Top of STORED DATA

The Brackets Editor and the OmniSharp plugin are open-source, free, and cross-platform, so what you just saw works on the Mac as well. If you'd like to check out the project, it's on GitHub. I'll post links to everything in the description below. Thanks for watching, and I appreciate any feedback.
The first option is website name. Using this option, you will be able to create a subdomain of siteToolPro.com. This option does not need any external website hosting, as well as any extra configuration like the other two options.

Bottom of STORED DATA
Top of STORED DATA

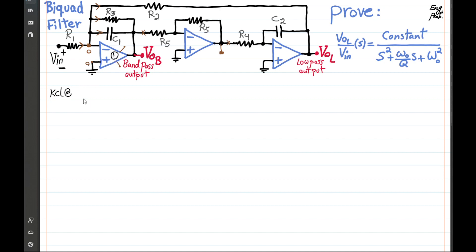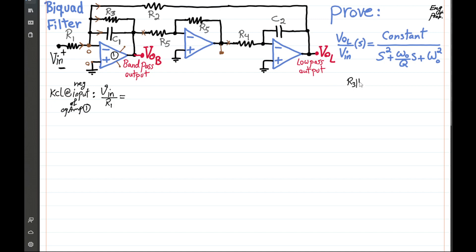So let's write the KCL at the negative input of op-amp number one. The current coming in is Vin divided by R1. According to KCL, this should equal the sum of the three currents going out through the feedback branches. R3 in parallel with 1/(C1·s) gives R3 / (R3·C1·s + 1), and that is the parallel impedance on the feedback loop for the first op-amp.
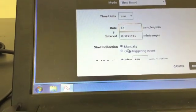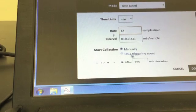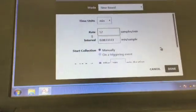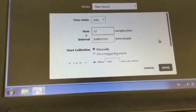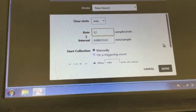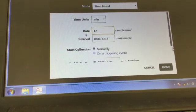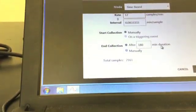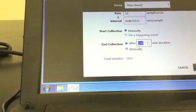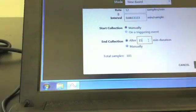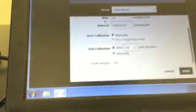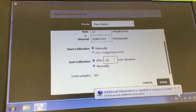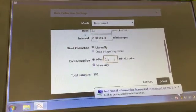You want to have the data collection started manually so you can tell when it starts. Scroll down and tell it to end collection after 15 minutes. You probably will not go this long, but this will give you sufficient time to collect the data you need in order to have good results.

Bottom of STORED DATA

** TASK BRIEF **
Each line in the listing above from the one containing "The Brackets Editor" through the one containing "The first option" should be repeated exactly, and no other line.

** WORKED SOLUTION **
The Brackets Editor and the OmniSharp plugin are open-source, free, and cross-platform, so what you just saw works on the Mac as well. If you'd like to check out the project, it's on GitHub. I'll post links to everything in the description below. Thanks for watching, and I appreciate any feedback.
The first option is website name. Using this option, you will be able to create a subdomain of siteToolPro.com. This option does not need any external website hosting, as well as any extra configuration like the other two options.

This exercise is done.